ブロックチェーン技術の有用性を検証するために、多くの実証実験、概念検証(=PoC)がなされており、毎日多くのプレスリリース出されています。特に、非金融市場での利用についてはIoT, AI/DL, Bigdata, Blockchian、FinTech, EV, VPP, MaaS, 情報銀行・・・バズワードばかり。そこで「新しい技術やアイデアを活用して期待する効果が得られるか、どんな課題があるかなどを確認してみましょう!」先ずは小規模でPoCとなる。この発想がそもそも間違いの因です。

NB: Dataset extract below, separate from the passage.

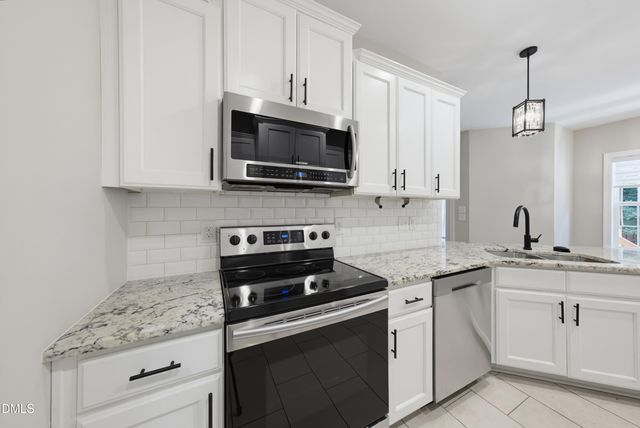 330 Carolina Oaks Avenue, Smithfield, NC 27577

 良く受ける質問は、何でブロックチェーンを使うの?必要ない・・・事例を教えて・・・いろいろ試したが、ブロックチェーンの利用は未だ早い、弊社に合う事例を研究したい、ビジネスになる実感が湧かない、お金の匂いがしない、などなど、実際ブロックチェーンなんか使わなくても殆どのシステムは作れます。問題は、何の課題や問題を解決するか目的がハッキリしていないことです。他の理由としては、①技術の変化が激しいので追随できない、②適当なデータが無い点。先ずはデータを集めて、そしてプロトを作って、プロトが完成した頃にはソフトウェアのバージョンが変わり書き直し、スマートコントラクトの書き方はこれでいいのか?セキュリティレベルは?PoCを終わった時点で、もう検証の意味をなさない。これが“PoC貧乏”の実態です。

「社会実装を前提としたプロジェクトが少ない」の真意は、前提である、ビジネスモデルや利便性を明確にしてから、プロジェクトを開始する。このフェーズに資源をすべきです。システムは最小限のコストと時間で、最小限のプロダクトを市場にいち早く投入し、開発スピードを上げ、知名度を上げることで差別化が図れます。即ち、MVP(Minimum Viable Product)の考え方を持ったプロジェクトです。AirbnbやTwitterは、MVPの手法で開発されたサービスです。

弊社が加盟する一般社団法人ABCC(オートモーティブブロックチェーンコンソーシアム)の設立に参加した目的は、①変化の激しいブロックチェーンのコア製品、②データ採取クライアント、③サービス開発環境、④会員各社や団体で利活用を研究、⑤共創プロジェクトの容認、⑥最新情報の入手などを通じて、新しいサービスをいち早く市場に投入とする具体的な取り組みがつくれるからです。

ブロックチェーン技術は、社会実装して初めて効果が出ます。PoCを否定しませんが、MVPを目指してプロジェクトを考え直しては如何でしょうか?効率と効果、実証と実用の違いは雲泥の差となります。